Setsubun - Wir vertreiben den Winter!

Heute erzählen wir von einer japanischen Tradition, die den Übergang vom Winter zum Frühling markiert: Setsubun.



Was macht man zu Setsubun?

Immer um den 3. Februar wird in Japan Setsubun gefeiert. Dann verkleidet sich ein Familienmitglied mit einer Maske als Dämon ("Oni") und die übrigen bewerfen diesen Dämon mit getrockneten Bohnen, um so sinnbildlich die bösen Geister der Vergangenheit zu vertreiben und den Frühling hereinzubitten. Dabei ruft man "Dämon raus, Glück herein!" Anschließend sammeln die sparsamen Japaner die Bohnen wieder ein (falls das nicht zu unhygienisch erscheint) und essen sie auf - und zwar jeder eine Bohne pro Lebensjahr plus eine zusätzlich für Glück in diesem Jahr.

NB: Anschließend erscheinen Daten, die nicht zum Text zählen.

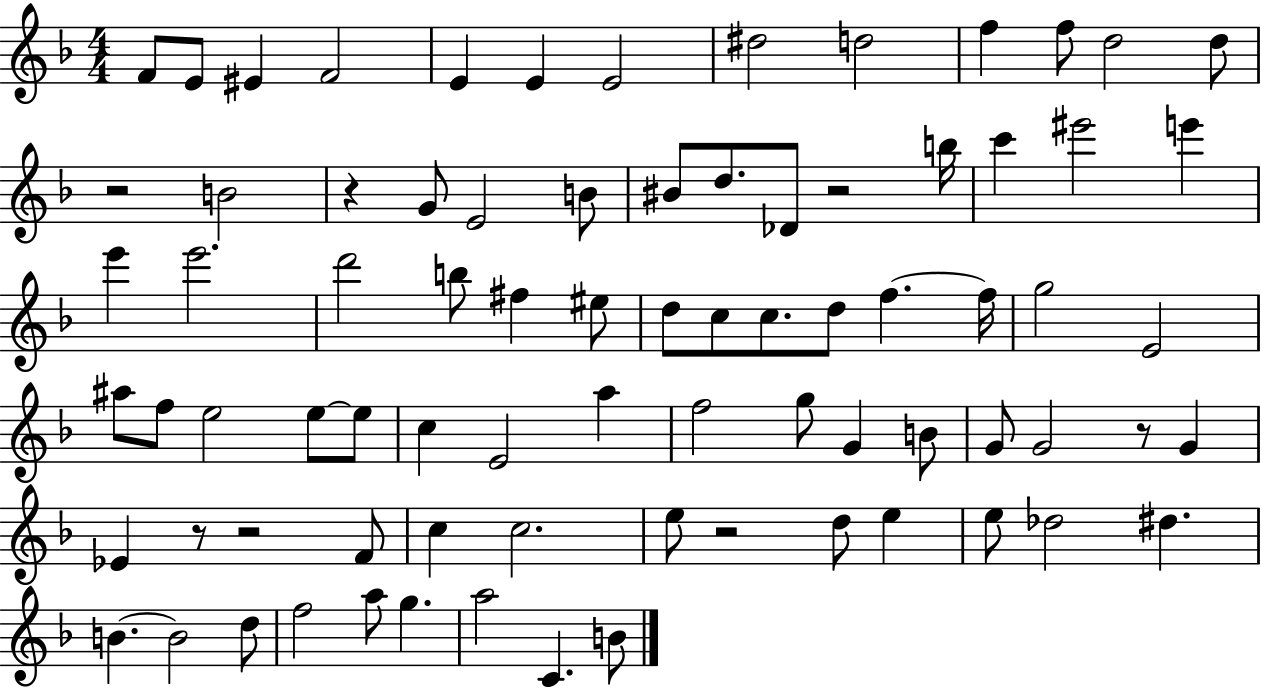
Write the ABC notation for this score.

X:1
T:Untitled
M:4/4
L:1/4
K:F
F/2 E/2 ^E F2 E E E2 ^d2 d2 f f/2 d2 d/2 z2 B2 z G/2 E2 B/2 ^B/2 d/2 _D/2 z2 b/4 c' ^e'2 e' e' e'2 d'2 b/2 ^f ^e/2 d/2 c/2 c/2 d/2 f f/4 g2 E2 ^a/2 f/2 e2 e/2 e/2 c E2 a f2 g/2 G B/2 G/2 G2 z/2 G _E z/2 z2 F/2 c c2 e/2 z2 d/2 e e/2 _d2 ^d B B2 d/2 f2 a/2 g a2 C B/2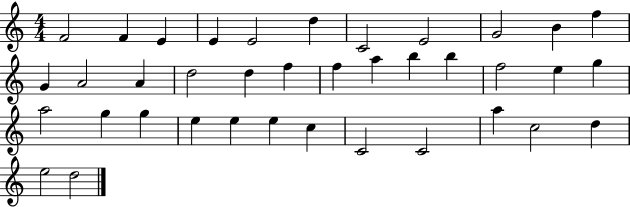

Setsubun. Wir werfen Bohnen auf ein Oni und treiben so den Winter aus!
2021 im Urlaub

Im Supermarkt kann man das komplette Setsubun-Set (Maske, Bohnen, Holzkästchen für Bohnen) kaufen, außerdem das traditionelle Setsubun-Essen Ehomaki. Ehomaki ist eine Sushi-Rolle, die man ungeschnitten und schweigend aufessen soll - wiederum für Glück im nächsten Jahr. Wir haben es dieses Jahr leider weder ungeschnitten noch schweigend geschafft 😲


Warum feiert man Setsubun?

Das Wort "Setsubun" (節分) bedeutet so viel wie "Trennung zwischen den Jahreszeiten", und zwar zwischen Winter und Frühling. Die Jahreszeiten spielen in der traditionellen japanischen Kultur eine große Rolle, werden zum Beispiel in der Kunst häufig dargestellt. Noch heute pilgern Japaner zu Sehenswürdigkeiten, die zu bestimmten Zeiten im Jahr als ganz besonders sehenswert gelten (Stichwort: Kirschblüte in Kyoto). Der Übergang vom kalten, unwirtlichen Winter zum blühenden Frühjahr spielt dabei überall auf der Welt (jedenfalls dort, wo man kalte Winter kennt) eine besondere Rolle. Wohl nicht zufällig ist unsere persönliche Setsubun-Tradition die alljährliche Familien-Erkältung 😷


Mich erinnert Setsubun an die badische Fasnet. Die ist zwar eigentlich christlichen Ursprungs (Einläuten der Fastenzeit vor Ostern), wird aber oft als ein heidnischer Brauch dargestellt, den Winter zu vertreiben und den Frühling zu begrüßen. Und tatsächlich sind die Hexen- und Ungeheuerverkleidungen in Südwest-Deutschland und der Schweiz ganz schön Angst einflößend. Und ähneln sogar visuell den japanischen Setsubun-Onis!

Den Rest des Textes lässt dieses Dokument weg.